### The task
If the records below hold pictures, omit them, and print exactly the lines from the first line through the line containing "Car Interior Air", inclusive.

### Extracted information

---+---

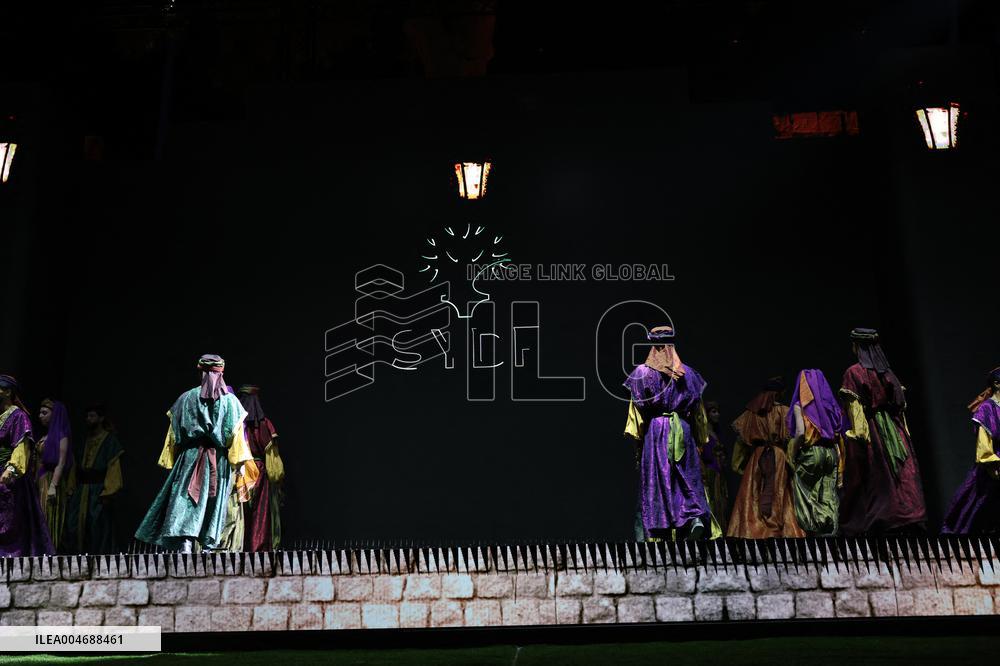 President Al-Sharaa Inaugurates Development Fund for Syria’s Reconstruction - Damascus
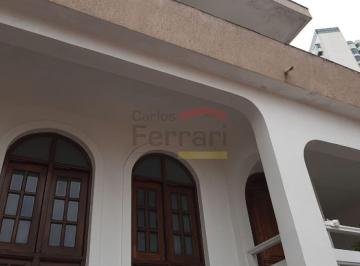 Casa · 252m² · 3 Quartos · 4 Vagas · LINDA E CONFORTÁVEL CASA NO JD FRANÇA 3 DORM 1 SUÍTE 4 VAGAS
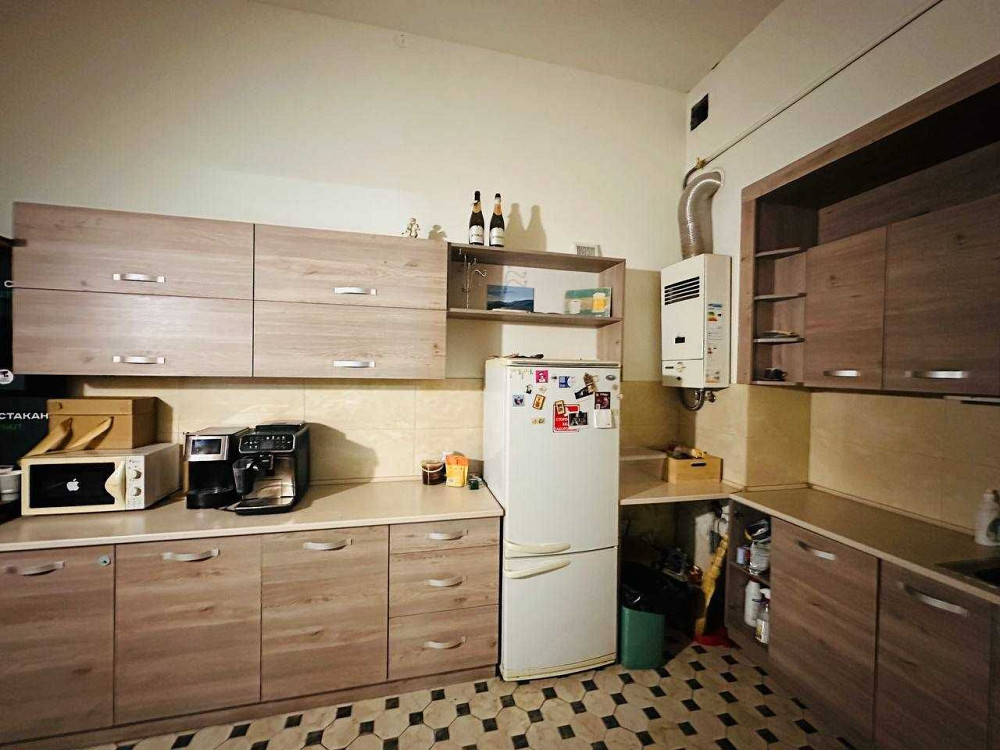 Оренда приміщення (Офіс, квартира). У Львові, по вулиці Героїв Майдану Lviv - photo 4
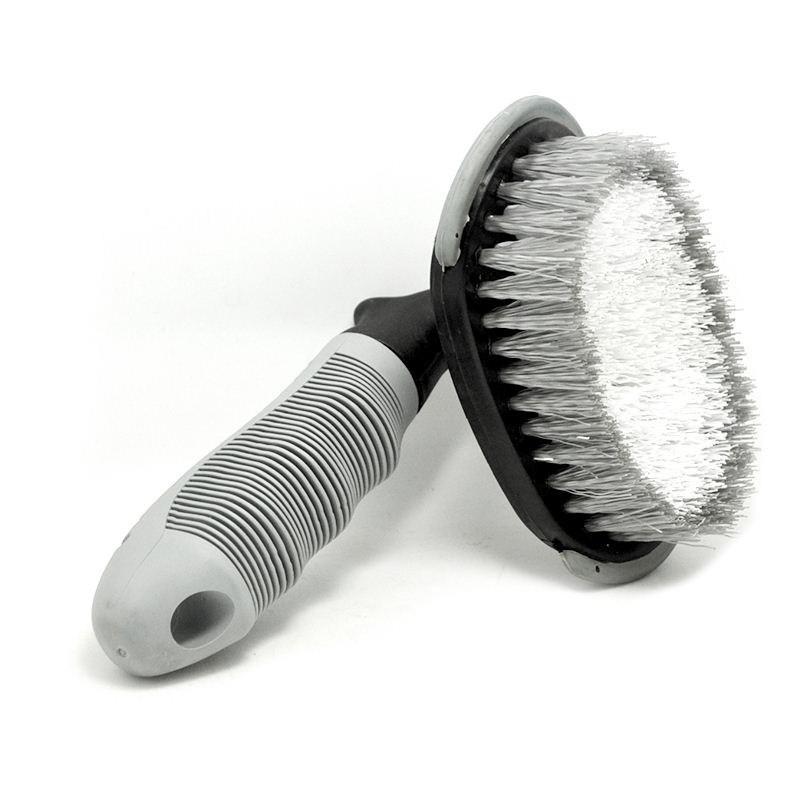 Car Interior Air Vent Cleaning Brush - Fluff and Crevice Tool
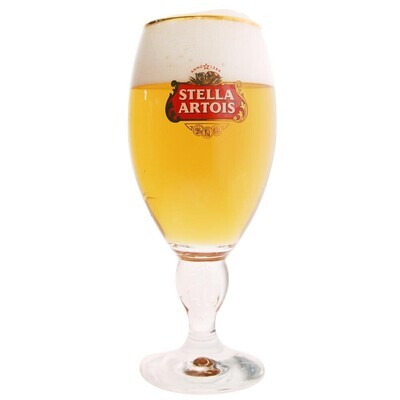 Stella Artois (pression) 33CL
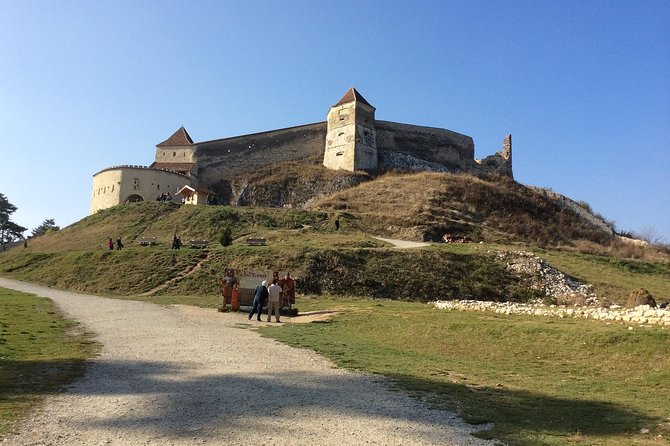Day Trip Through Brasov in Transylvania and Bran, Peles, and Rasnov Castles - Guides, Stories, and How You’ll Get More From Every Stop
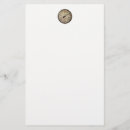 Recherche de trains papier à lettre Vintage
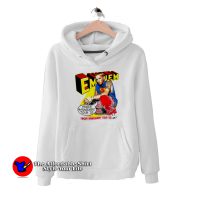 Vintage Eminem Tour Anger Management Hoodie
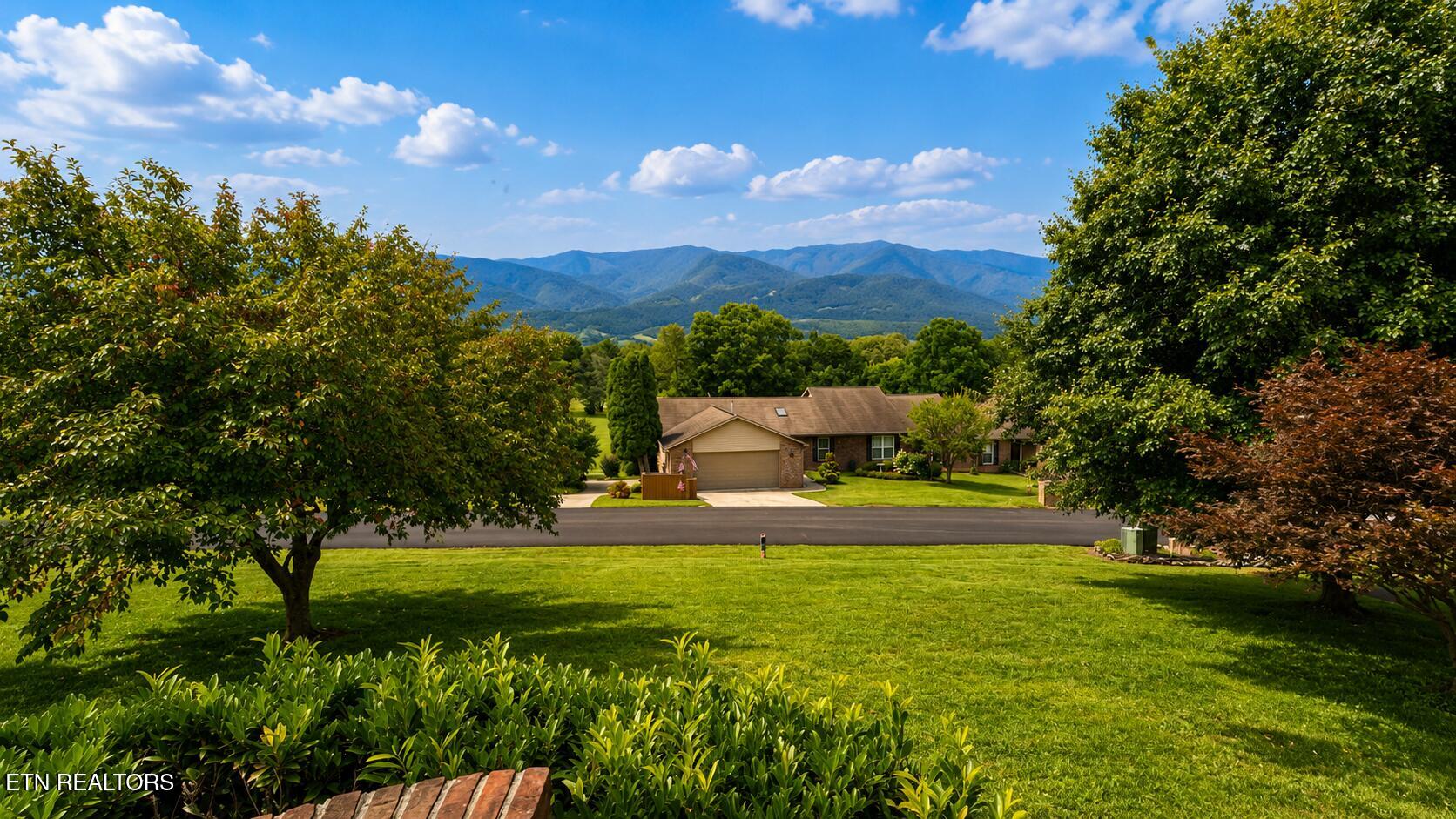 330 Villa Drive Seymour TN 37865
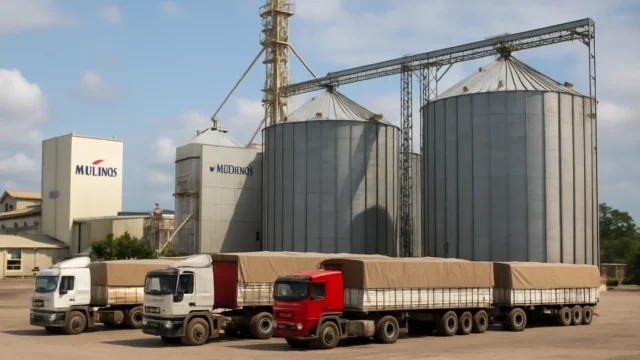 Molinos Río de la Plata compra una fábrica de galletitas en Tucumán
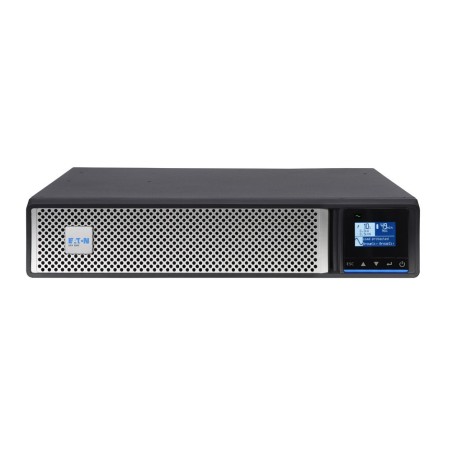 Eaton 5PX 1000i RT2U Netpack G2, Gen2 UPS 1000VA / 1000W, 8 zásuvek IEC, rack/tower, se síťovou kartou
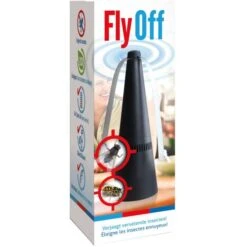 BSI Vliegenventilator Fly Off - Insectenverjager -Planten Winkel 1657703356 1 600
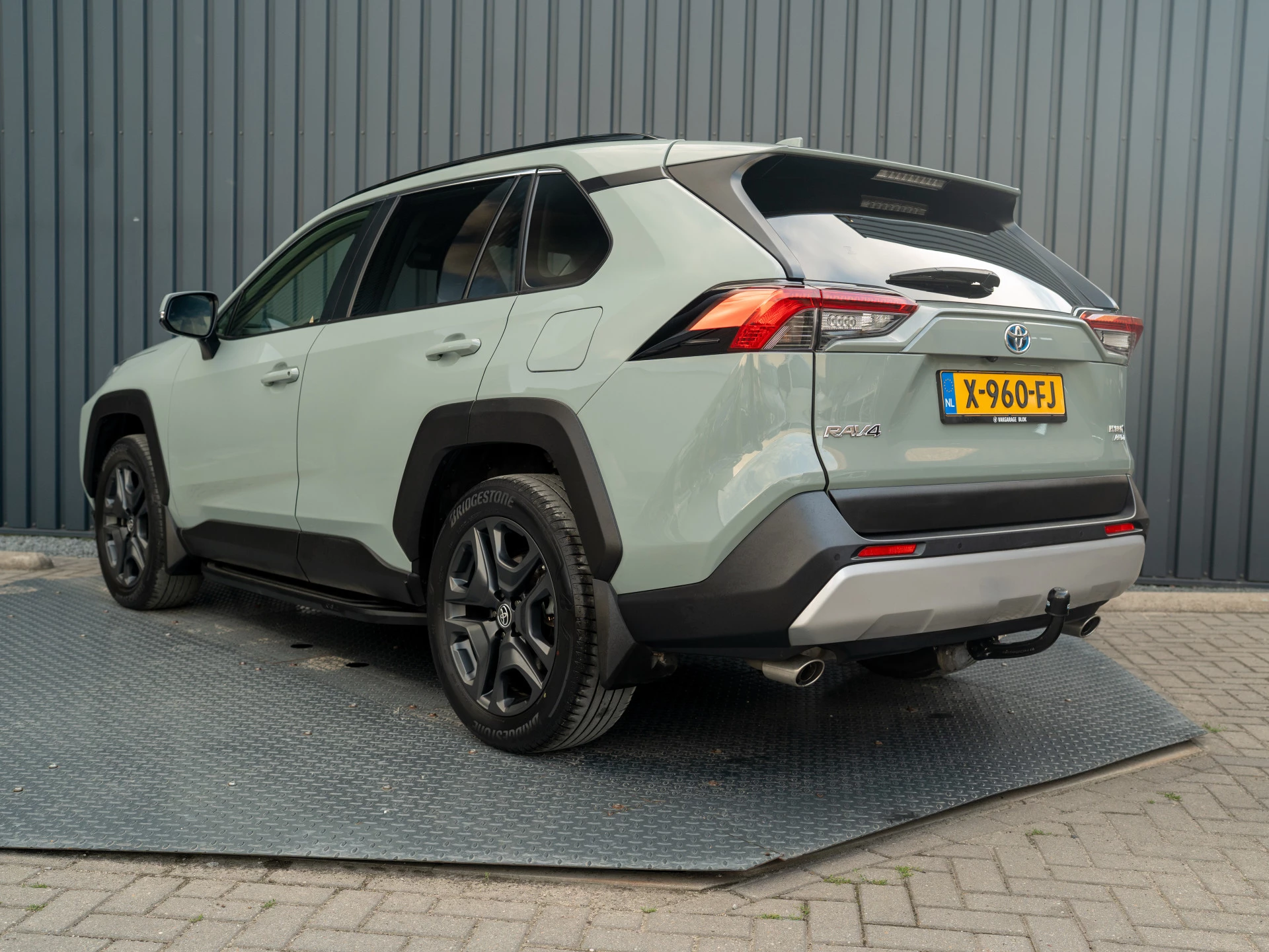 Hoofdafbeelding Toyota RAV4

---+---

### Solution for this task
 President Al-Sharaa Inaugurates Development Fund for Syria’s Reconstruction - Damascus
 Casa · 252m² · 3 Quartos · 4 Vagas · LINDA E CONFORTÁVEL CASA NO JD FRANÇA 3 DORM 1 SUÍTE 4 VAGAS
 Оренда приміщення (Офіс, квартира). У Львові, по вулиці Героїв Майдану Lviv - photo 4
 Car Interior Air Vent Cleaning Brush - Fluff and Crevice Tool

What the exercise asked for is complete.